From the Triangle Factory Fire to Shein, fast fashion can’t escape ethical quandaries.

The rise of the ready-made industry in the late 19th century, which offered the masses affordable clothes in standardized ready-to-wear sizes, is often celebrated as a great moment in the democratization of fashion.

No clothing item represented this revolution more than the shirtwaist. Modeled after a masculine dress shirt, the shirtwaist was often worn together with a skirt, creating a new style known as the “ensemble.” It replaced custom-made dresses fitted to specific bodies, typically sewn by seamstresses or by the wearers themselves. Marketed as appropriate for business, leisure, and everyday wear, the shirtwaist ensemble quickly established itself as a staple in women’s wardrobes.

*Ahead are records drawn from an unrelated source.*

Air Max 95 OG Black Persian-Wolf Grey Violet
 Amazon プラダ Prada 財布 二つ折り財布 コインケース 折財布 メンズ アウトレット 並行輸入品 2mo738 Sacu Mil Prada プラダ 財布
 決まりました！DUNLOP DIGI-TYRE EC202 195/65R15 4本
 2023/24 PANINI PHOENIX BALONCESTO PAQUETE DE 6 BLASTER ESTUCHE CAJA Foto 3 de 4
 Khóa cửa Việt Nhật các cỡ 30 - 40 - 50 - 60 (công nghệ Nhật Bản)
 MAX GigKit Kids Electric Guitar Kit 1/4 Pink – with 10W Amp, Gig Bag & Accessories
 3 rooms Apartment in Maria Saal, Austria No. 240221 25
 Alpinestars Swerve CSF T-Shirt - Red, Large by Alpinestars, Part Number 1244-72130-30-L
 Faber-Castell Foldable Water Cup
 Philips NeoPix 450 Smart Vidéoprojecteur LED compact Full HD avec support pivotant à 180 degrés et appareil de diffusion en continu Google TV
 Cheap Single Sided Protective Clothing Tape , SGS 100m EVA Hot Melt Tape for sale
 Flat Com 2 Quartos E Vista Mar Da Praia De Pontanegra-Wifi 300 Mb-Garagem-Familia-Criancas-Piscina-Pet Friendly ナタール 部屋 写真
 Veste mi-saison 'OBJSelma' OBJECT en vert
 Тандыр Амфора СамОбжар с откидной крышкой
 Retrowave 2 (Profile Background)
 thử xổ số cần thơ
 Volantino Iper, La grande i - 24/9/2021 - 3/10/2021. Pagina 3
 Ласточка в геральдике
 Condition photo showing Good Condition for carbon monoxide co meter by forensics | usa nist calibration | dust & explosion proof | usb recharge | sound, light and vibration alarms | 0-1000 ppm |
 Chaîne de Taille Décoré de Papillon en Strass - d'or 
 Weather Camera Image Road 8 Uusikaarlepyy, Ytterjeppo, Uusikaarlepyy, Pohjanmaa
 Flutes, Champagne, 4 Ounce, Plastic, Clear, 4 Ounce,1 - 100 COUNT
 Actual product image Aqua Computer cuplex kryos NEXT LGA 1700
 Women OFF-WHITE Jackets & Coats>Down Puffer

The design’s simplicity and the fact that it did not require close fitting made it extremely adaptable to mass production and standardization. While shirtwaists could be sewed at home by following a pattern, most women bought theirs factory-made, whether from department stores or pushcart vendors in the street. Growing rapidly in popularity, the shirtwaist was responsible for the expansion of the women’s ready-made clothing industry, which grew in product value from $13 million to $159 million dollars between 1869 and 1899.

Shirtwaists came in a variety of styles and prices, ranging from mannish-tailored waists with basic lines to elaborately embroidered designs with lacy inserts and frilly ornaments. Each woman could choose her own style according to the event or time of day, but more often it was according to her financial means. Yet even working-class, immigrant women—many of whom worked in the garment industry themselves—could create a seemingly diverse, fashionable wardrobe without spending a week’s pay by pairing a few shirtwaists, each costing less than a dollar, with one skirt. The shirtwaist was instrumental in working women’s assimilation into American society and culture—enabling them to appear as fashionable as their middle-class and native-born peers.

Ironically, these same women could not afford the department store-quality shirtwaists they helped manufacture. As Clara Lemlich, a garment worker and a union activist attested, “The garments we work on are very beautiful, very costly—very delicate. Some of them sell for a hundred and fifty dollars. Such as you could never dream of buying for yourself.” Lemlich and her peers had to compromise on poorly made shirts that often did not last more than a few washes before falling apart.